Orzo can be used in a variety of cooking, and in Italy it serves as a staple all year round since it is most commonly be found in cold salads or comforting soups. For example, it is often used when making ‘wedding soup’, an Italian delicacy traditionally made using green vegetables, beef and pork meatballs. Wedding soup, or minestra maritata in Italian, literally means ‘married soup’ which is in reference to the perfect union of the greens, meat and pasta.
Although originating in Italy, orzo has long been extremely popular in other cuisines, particularly those along the Mediterranean & the Middle East. For example, traditional Greek giouvetsi (youvetsi), a delicious one-pot-wonder recipe made using beef, spices and a rich tomato sauce, has long used orzo in its recipe.
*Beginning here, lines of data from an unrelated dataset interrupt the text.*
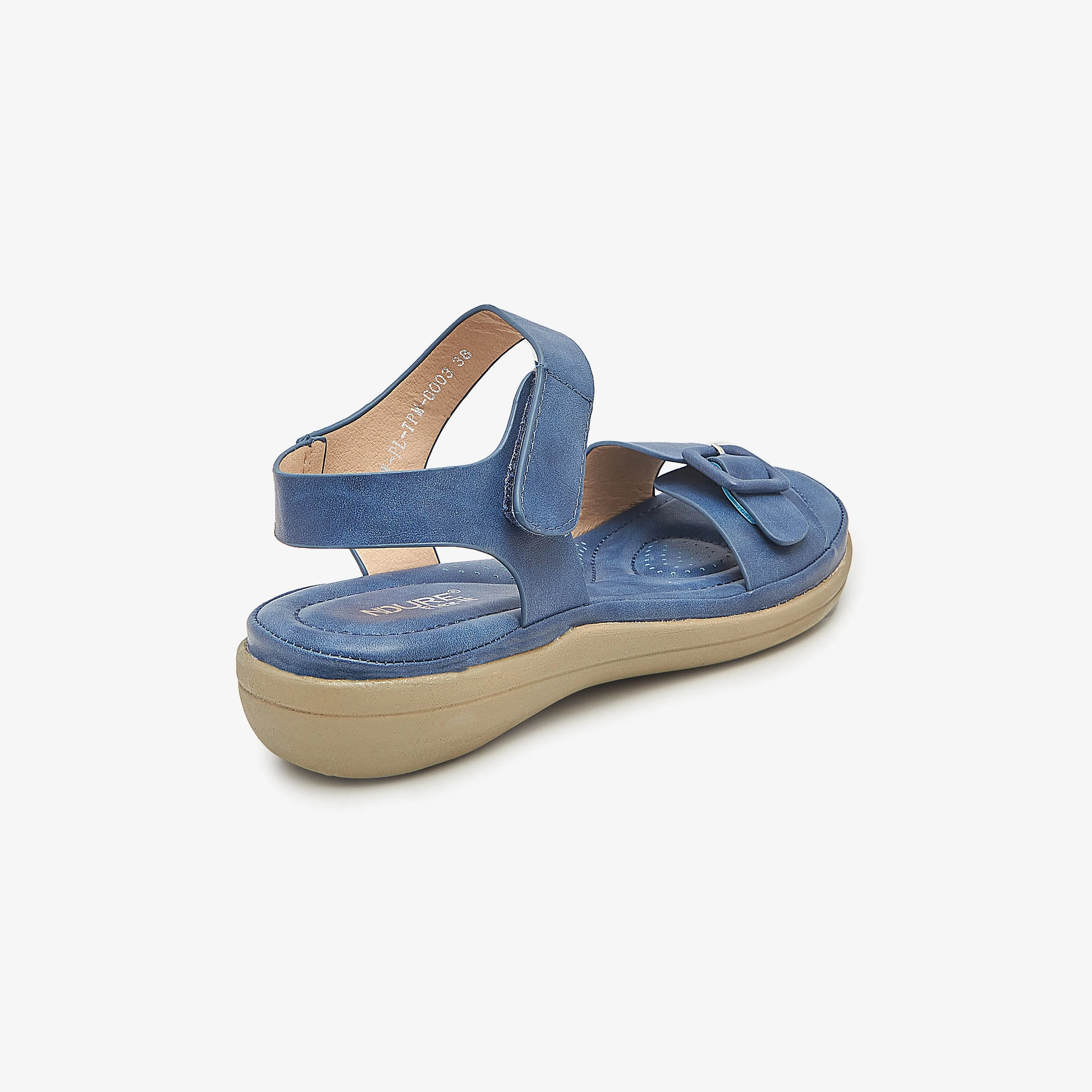 Sandals Hotel Maldives Front Strap Ladies Sandal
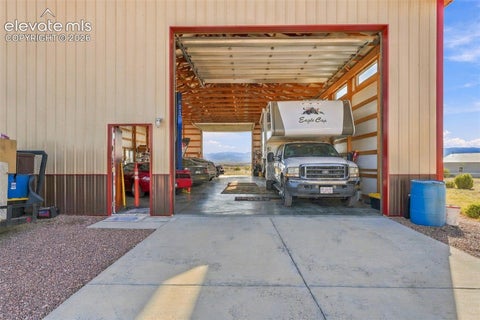 Tiny photo for 1166 Top Notch Trail, Penrose, CO 81240 (MLS # 7403876)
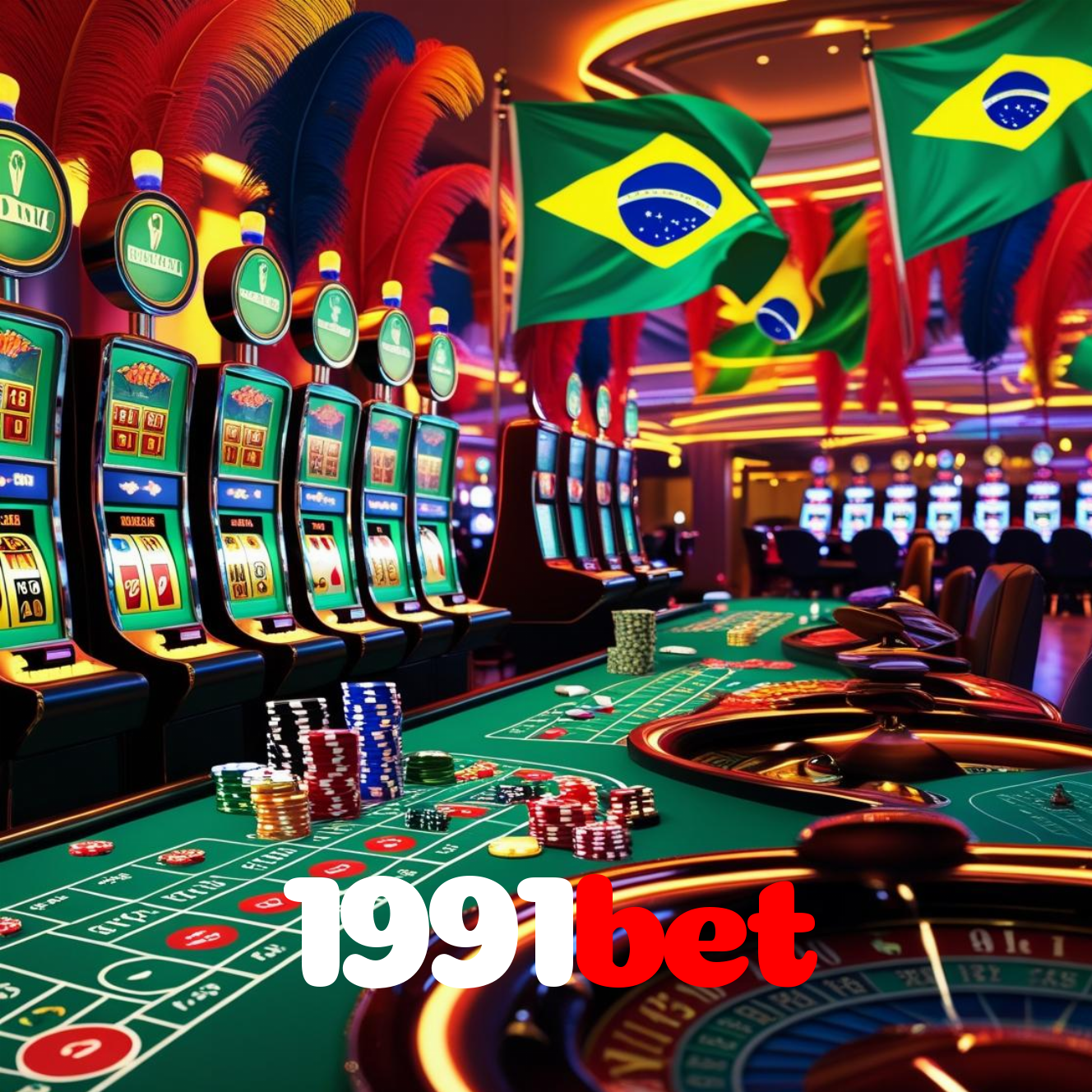 1991bet:Onde a diversão e a sorte se unem: cassino online!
Conversely, using flavours such as chicken stock and green chillies with orzo emulates a dish called ‘birds tongue soup’, named as such because of the way the orzo looks in the chicken broth and is traditionally served during Ramadan across West Africa and the Middle East.
Our favourite orzo pasta recipes
This fresh pasta salad epitomises the Mediterranean way of living and eating, using only a few ingredients, but choosing those of the highest quality. It features a medley of fresh summer vegetables, including asparagus and olives, all coated in a sprightly basil pesto. If you’re feeling indulgent, you could also add a little cooked octopus or squid to this dish.